-- What to work on --
Pictures must not appear in the copy. Reproduce exactly, and only, the lines from the one with "NC license plate AAU9060" through the end of the data below.

-- Provided material --
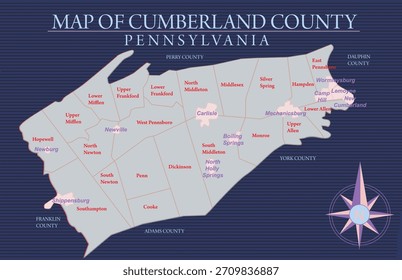 Map of Cumberland County, Pennsylvania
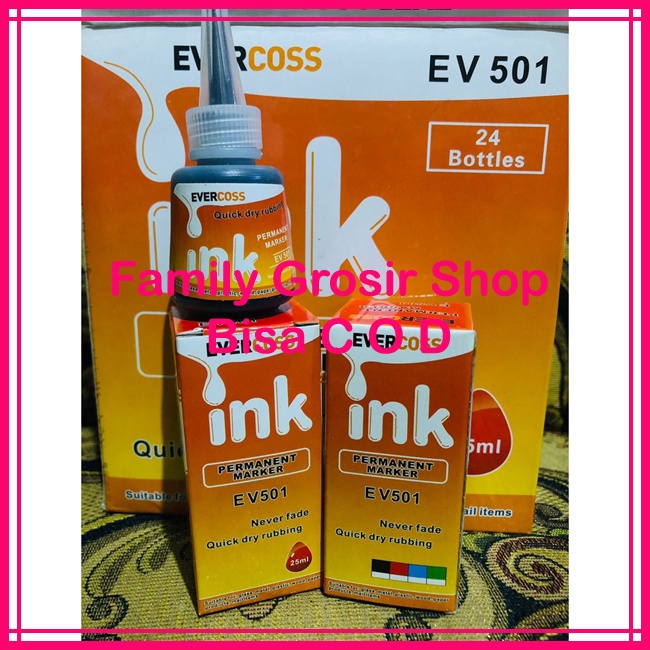 Tinta Spidol Permanent Hitam 25ML Tinta Spidol Evercross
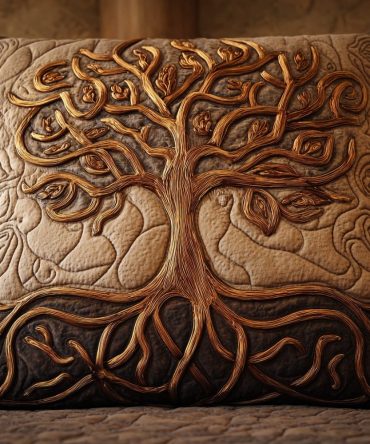Tree Of Harmony Quilted Throw Pillow Cover — Balanced Tree Motif Decorative Pillow Case For Zen, Minimalist & Modern Homes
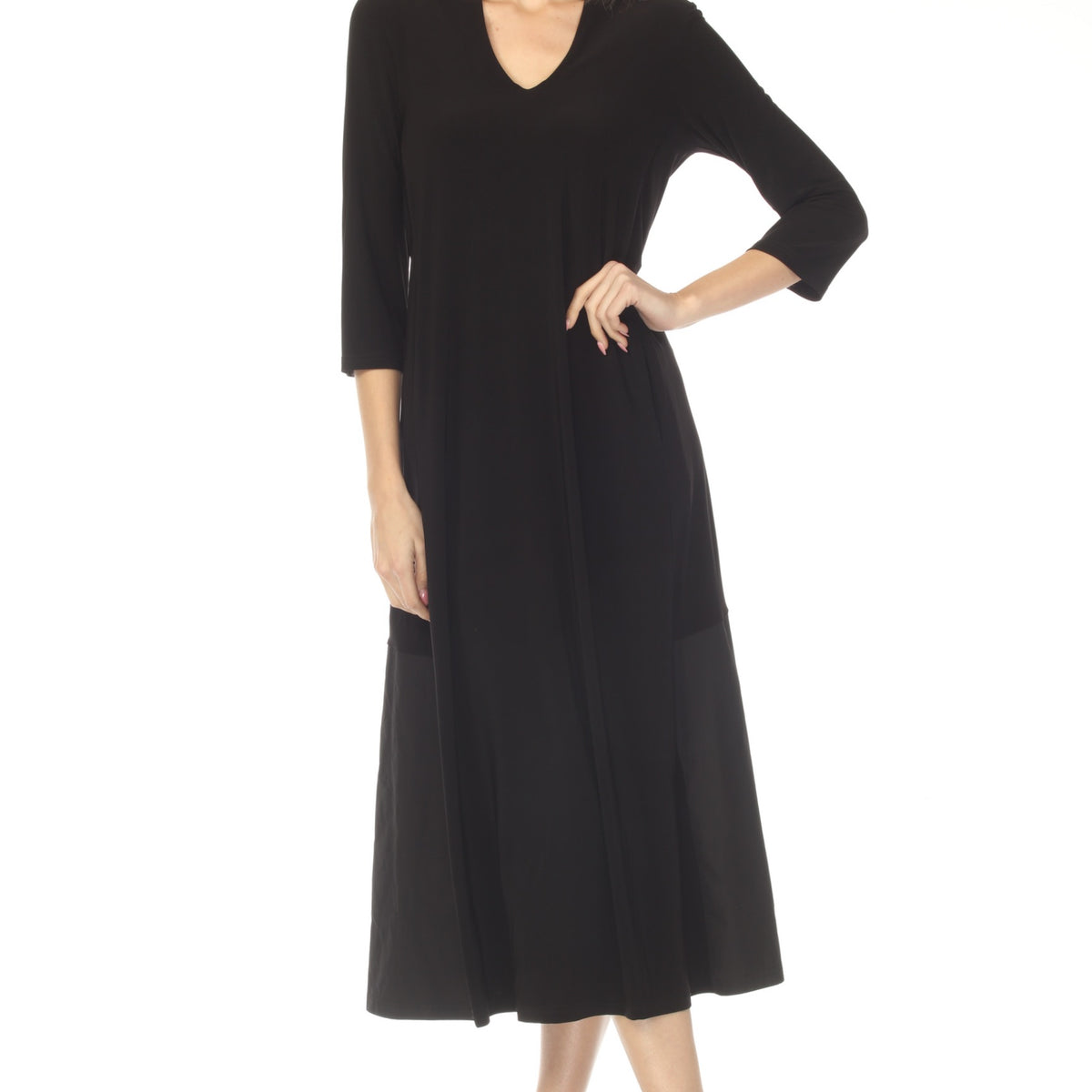 Buy Joseph Ribkoff Black V-Neck 3/4 Sleeve Maxi Dress 254150 AfterRetail Buy Joseph Ribkoff Black V-Neck 3/4 Sleeve Maxi Dress 254150 AfterRetail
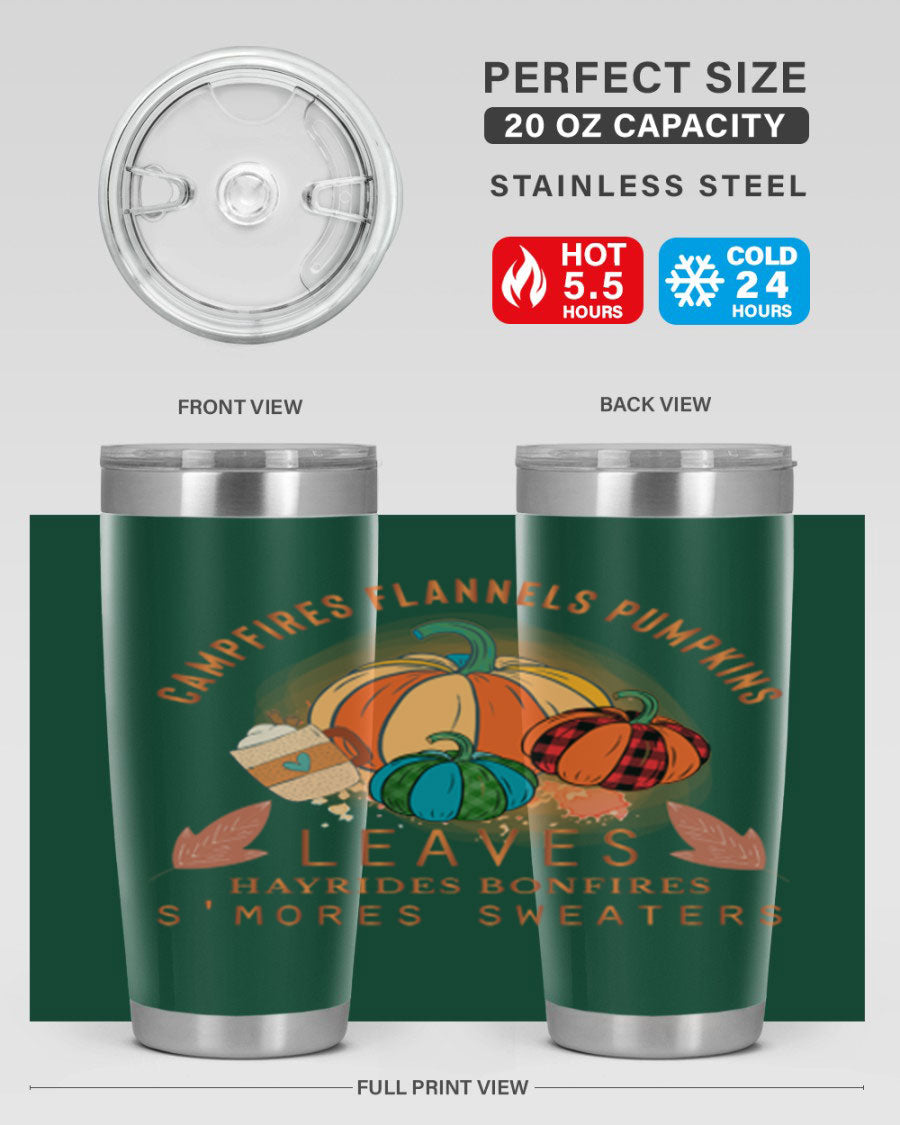 Happy Thanksgiving 249# Tumbler in stainless steel with festive design, perfect for hot and cold beverages.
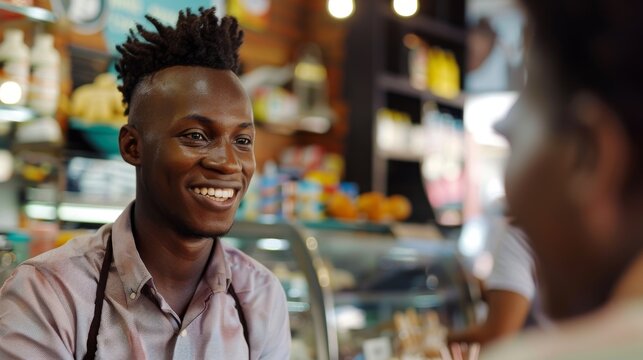 A man wearing a pink shirt smiles at a customer in a busy bakery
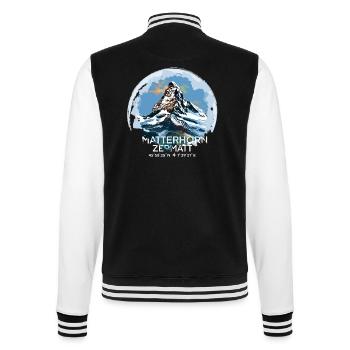 Matterhorn Zermatt Valais Hiking Switzerland Souvenir - College Sweat Jacket - black/white - Back - Marisol (170cm)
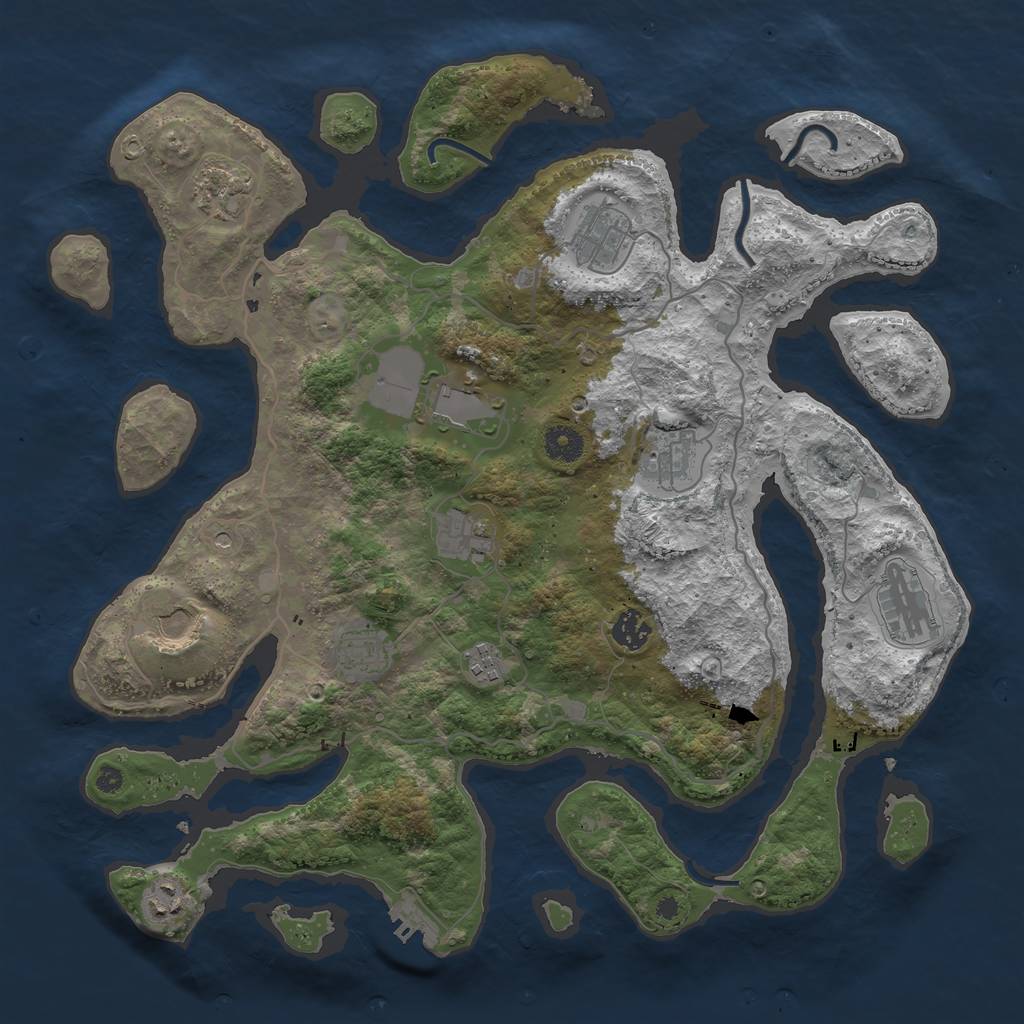 Rust Map: Procedural Map, Size: 4000, Seed: 4000023, 15 Monuments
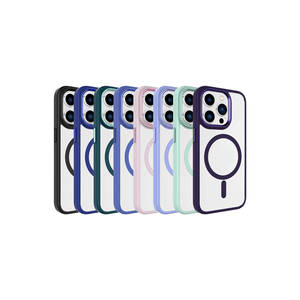 Coque en silicone Netzy SAFA Chrome pour Magsafe compatible avec la charge sans fil pour iPhone 15 Pro Max - Bleu - Product Image 2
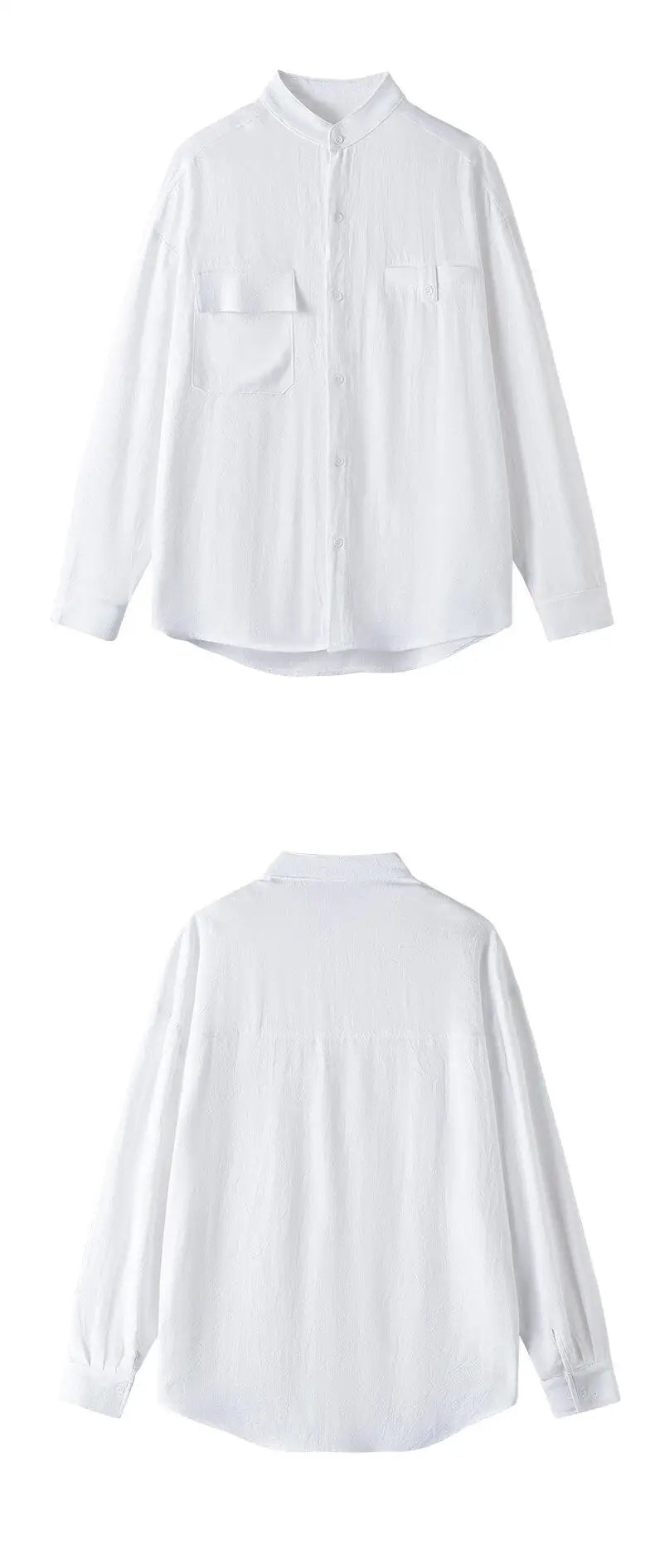 Men Loose Casual Streetwear Fashion Stand Collar Long Sleeve Black White Oversize Shirt Couple Plus Size Shirts Blouses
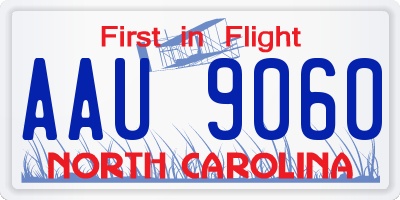 NC license plate AAU9060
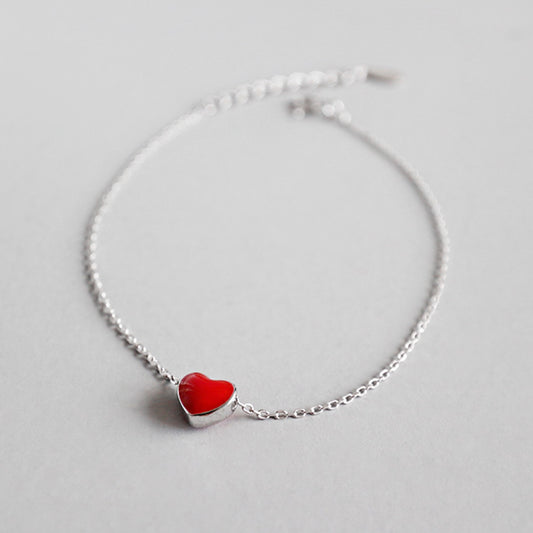Red Heart Charm Bracelet
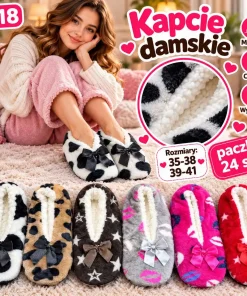 Kapcie Damskie,Size 35-41,Paczka 24szt,mix kolor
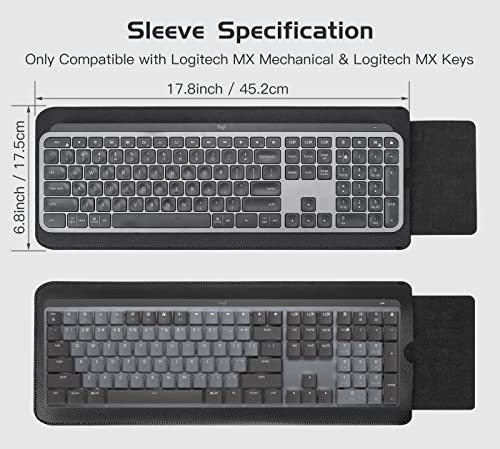 Protective Keyboard Case for Logitech MX Keys S & Logitech MX Keys & Logitech MX Mechanical Wireless Illuminated Keyboard, Logitech MX Keys S PU Leather Keyboard Sleeve Case, Black - size: Logitech MX Keys S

-- Response to the exercise --
 NC license plate AAU9060
Red Heart Charm Bracelet
 Kapcie Damskie,Size 35-41,Paczka 24szt,mix kolor
 Protective Keyboard Case for Logitech MX Keys S & Logitech MX Keys & Logitech MX Mechanical Wireless Illuminated Keyboard, Logitech MX Keys S PU Leather Keyboard Sleeve Case, Black - size: Logitech MX Keys S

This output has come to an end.